■ Exercise goal ■
Without the pictures, copy the entries below word for word.

###

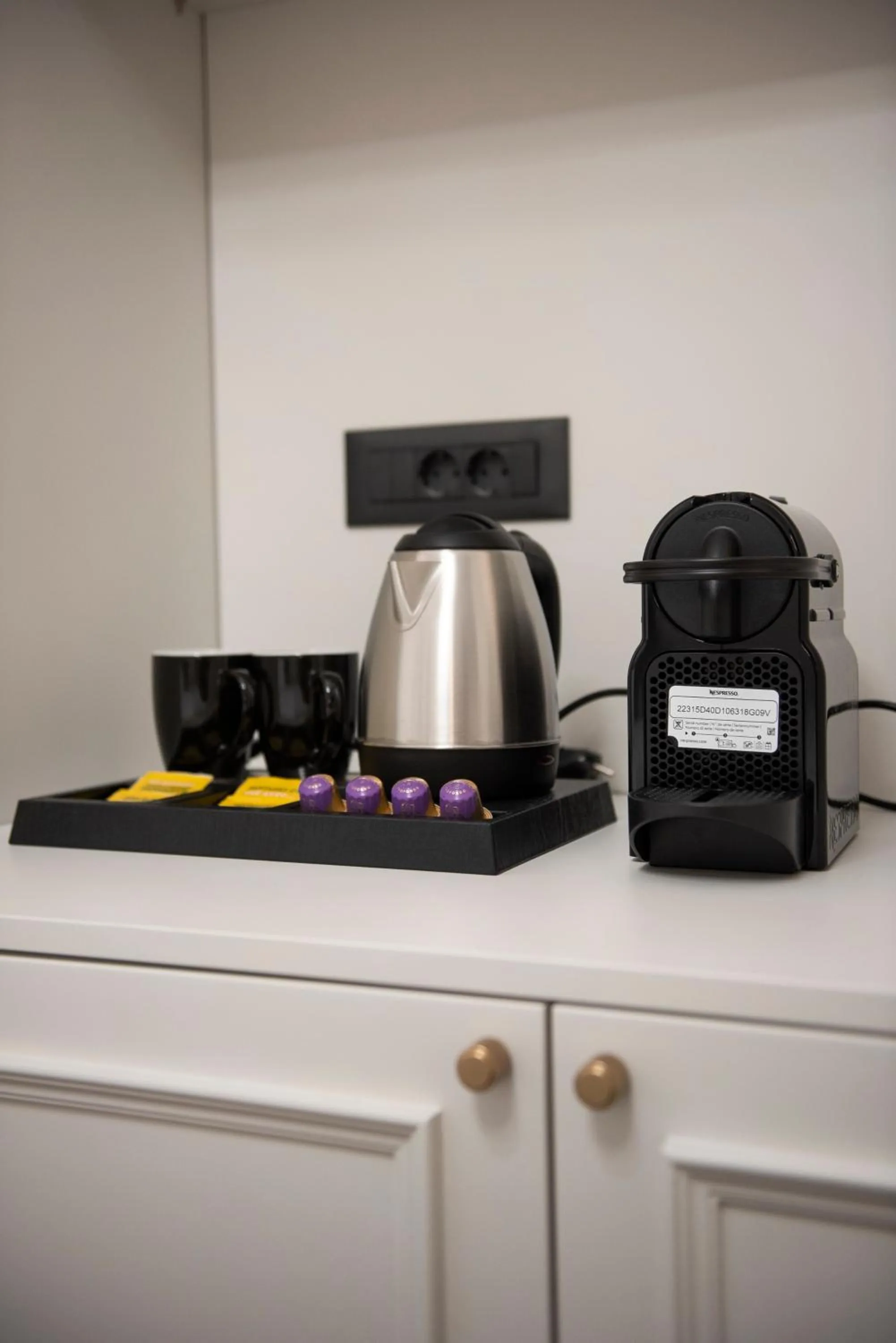 Coffee/tea facilities in Jensen Luxury Suites
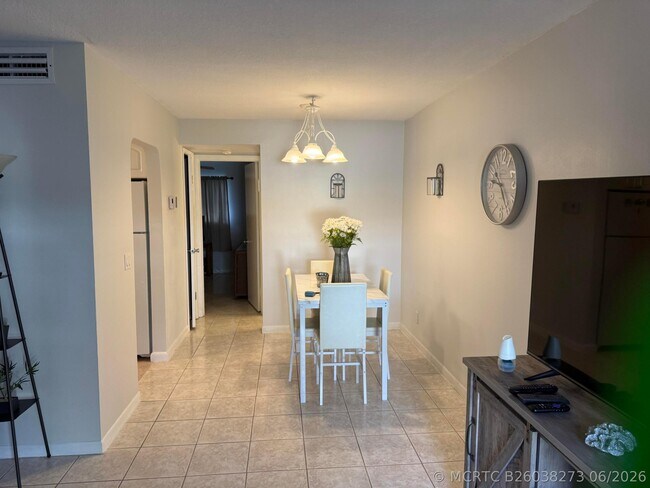 640 Snug Harbor Dr Unit F3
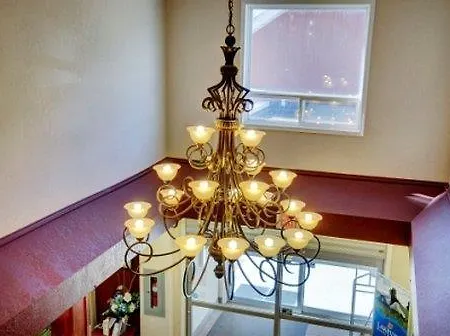 Lakeview Inns & Suites - Chetwynd 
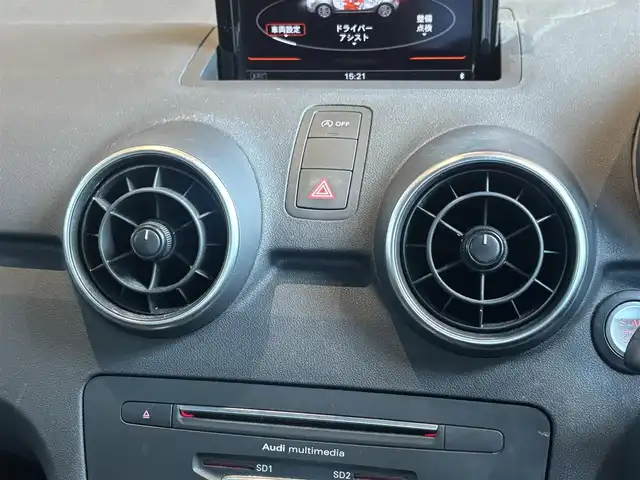 アウディ Ａ１ SB 1．0TFSI 宮城県 2016(平28)年 5.3万km グレイシアホワイトメタリック 純正ナビ/フルセグTV/Bluetooth接続/CD/DVD再生/アイドリングストップ/コーナーセンサー/ステアリングスイッチ/キセノンヘッドライト/オートライト/電動ミラー/純正マット/純正15インチAW/ETC/保証書/取扱説明書/スペアキー×１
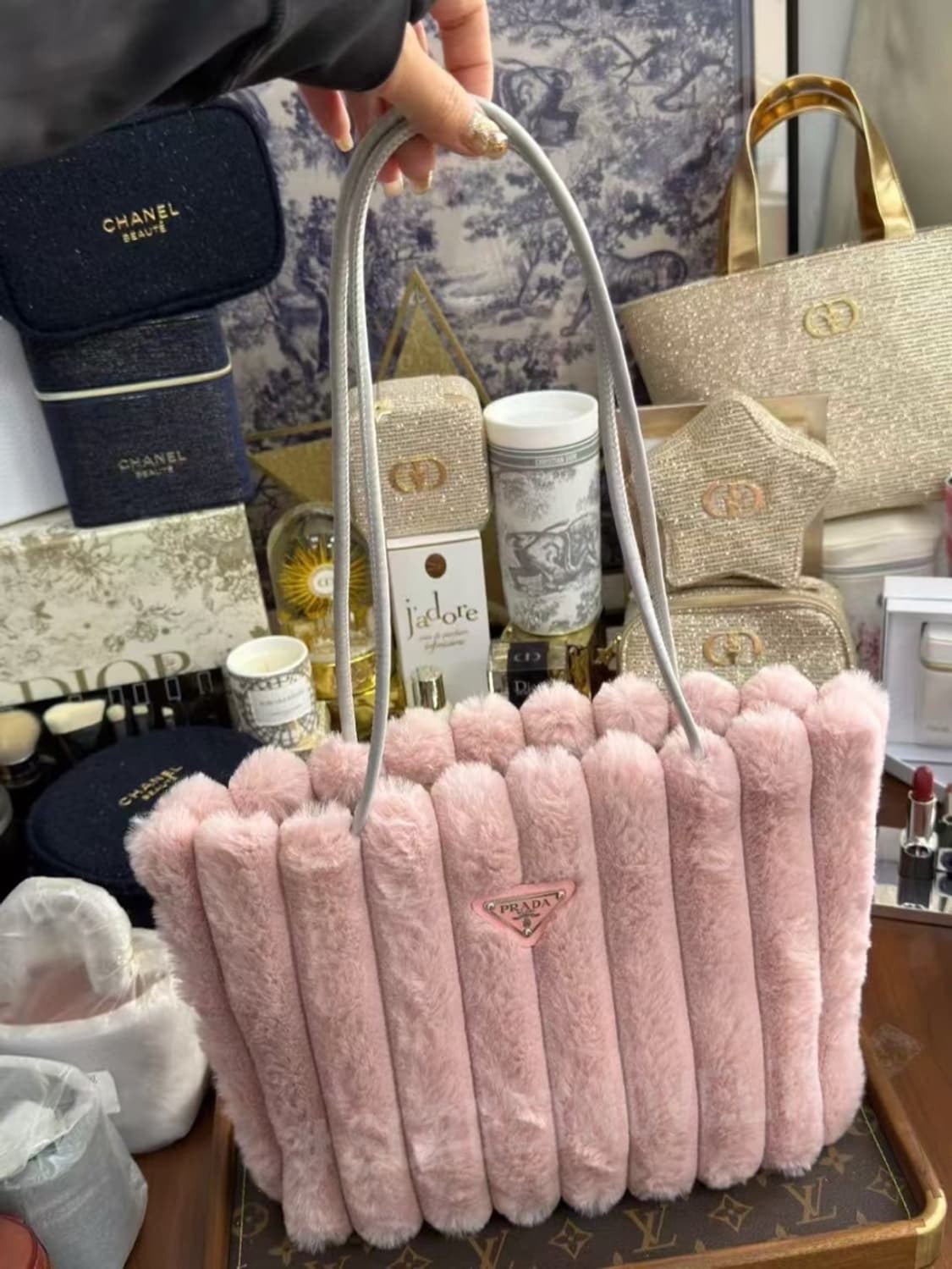 프라다뷰티 퍼 숄더백 핑크 VIP 기프트백 상품이미지10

###

■ Response to the exercise ■
 Coffee/tea facilities in Jensen Luxury Suites
 640 Snug Harbor Dr Unit F3
 Lakeview Inns & Suites - Chetwynd 
 アウディ Ａ１ SB 1．0TFSI 宮城県 2016(平28)年 5.3万km グレイシアホワイトメタリック 純正ナビ/フルセグTV/Bluetooth接続/CD/DVD再生/アイドリングストップ/コーナーセンサー/ステアリングスイッチ/キセノンヘッドライト/オートライト/電動ミラー/純正マット/純正15インチAW/ETC/保証書/取扱説明書/スペアキー×１
 프라다뷰티 퍼 숄더백 핑크 VIP 기프트백 상품이미지10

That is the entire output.